PATI, Harianmuria.com – Pemerintah Kabupaten (Pemkab) Pati mengalokasikan anggaran senilai Rp330 miliar dari Anggaran Pendapatan dan Belanja Daerah (APBD) tahun anggaran 2025 untuk perbaikan 60 ruas jalan di seluruh wilayah Pati. Alokasi anggaran tersebut merupakan hasil efisiensi dan realokasi anggaran di kegiatan lain.
Akibatnya, bantuan keuangan (bankeu) untuk desa-desa bakal dihapuskan karena efisiensi anggaran yang lebih difokuskan untuk perbaikan infrastruktur jalan.

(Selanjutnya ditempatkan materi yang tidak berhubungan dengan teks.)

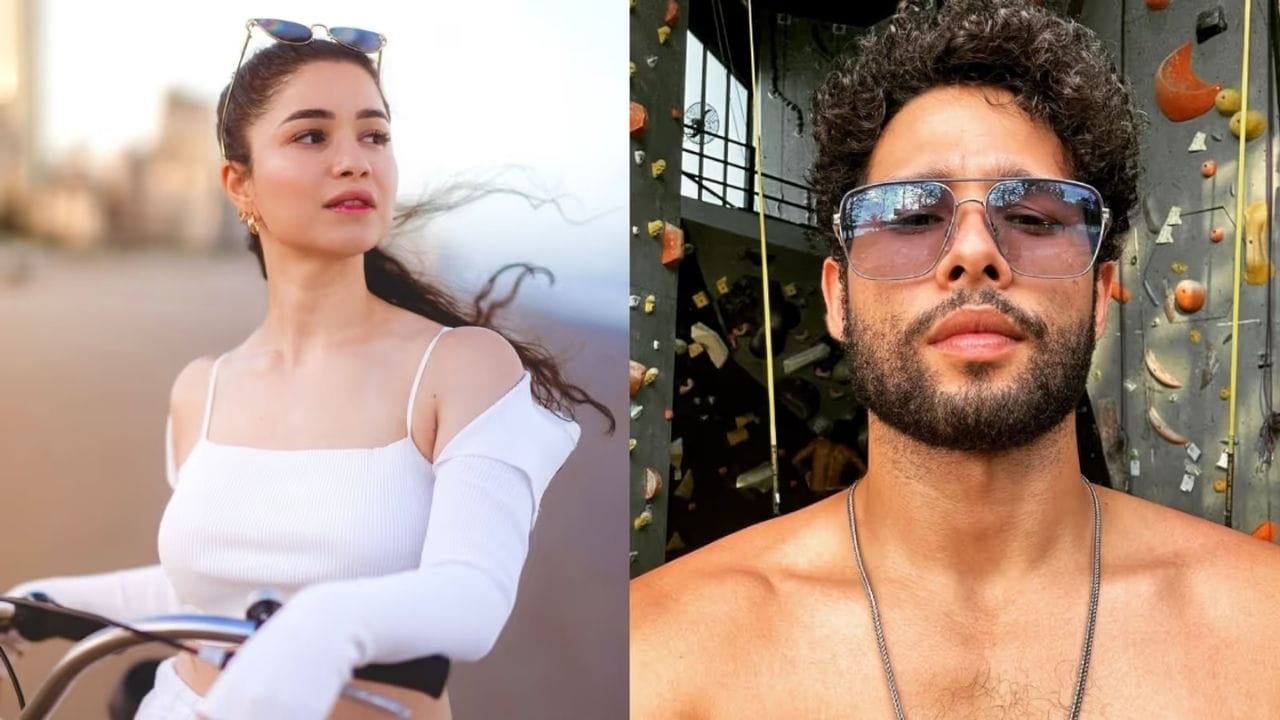 એક ઇન્ટરવ્યૂમાં, સિદ્ધાંતે પોતાના હાર્ટબ્રેક વિશે જણાવ્યું હતું કે, "જ્યારે હું 20 વર્ષનો હતો ત્યારે મને સ્પષ્ટ થયું અને એક મોટો હાર્ટબ્રેક અનુભવ્યો હતો. અમે બંને જીવનમાંથી અલગ અલગ વસ્તુઓ ઇચ્છતા હતા. મને પ્રેમ અને મહત્વાકાંક્ષા વચ્ચે પસંદગી કરવાની સ્થિતિમાં મૂકવામાં આવ્યો હતો અને મેં મહત્વાકાંક્ષા પસંદ કરી."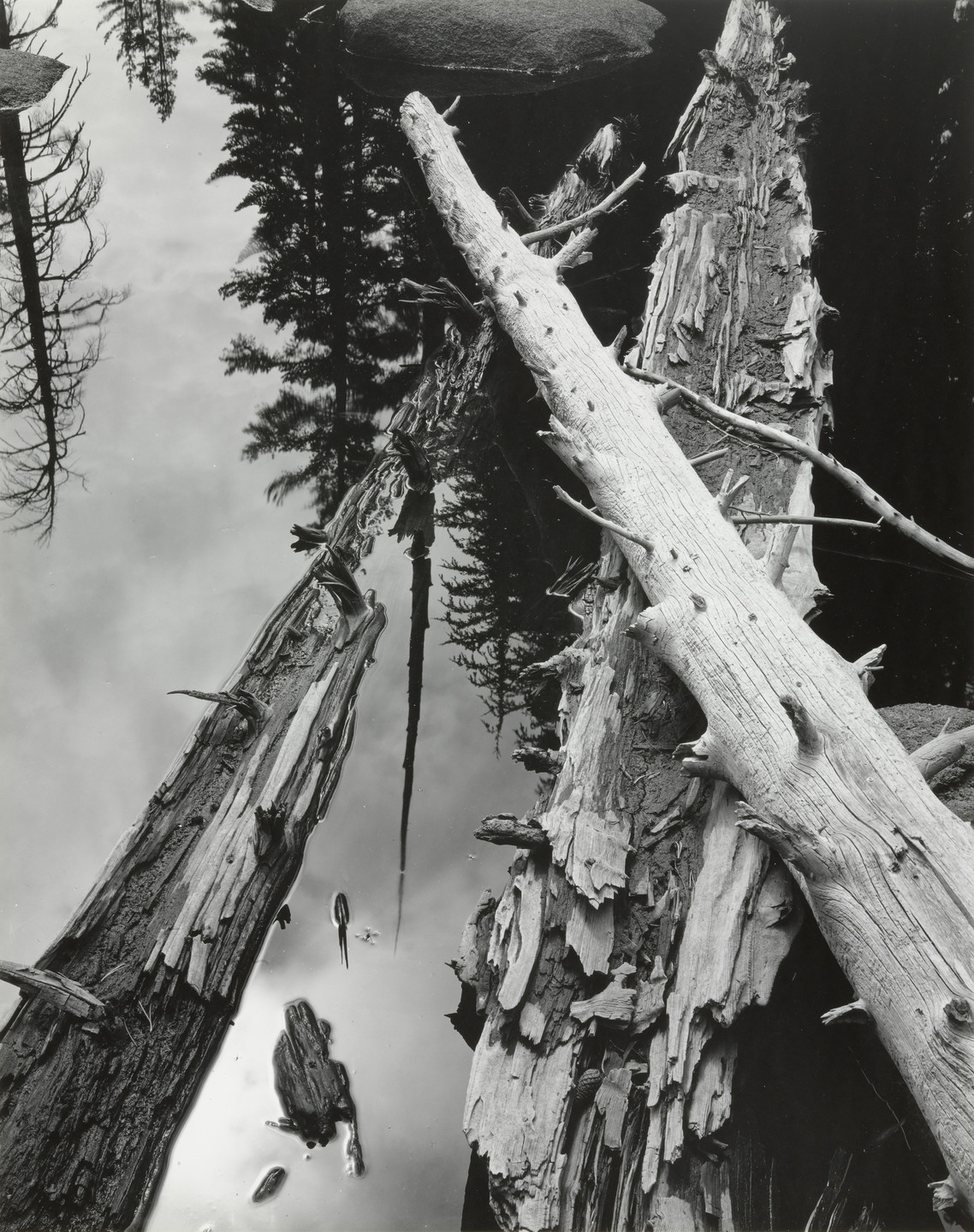 Brett Weston. Sierra Pool. 1951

Hal itu diungkapkan Ketua Paguyuban Solidaritas Kepala Desa dan Perangkat Desa Kabupaten Pati (Pasopati) Parmono.
Informasi tersebut didapatkan ketika seluruh kepala desa mengikuti pengarahan Bupati Pati Sudewo tentang penyesuaian pendapatan dan efisiensi anggaran dalam APBD TA 2025, di Pendapa Kabupaten Pati pada Kamis (13/3/2025).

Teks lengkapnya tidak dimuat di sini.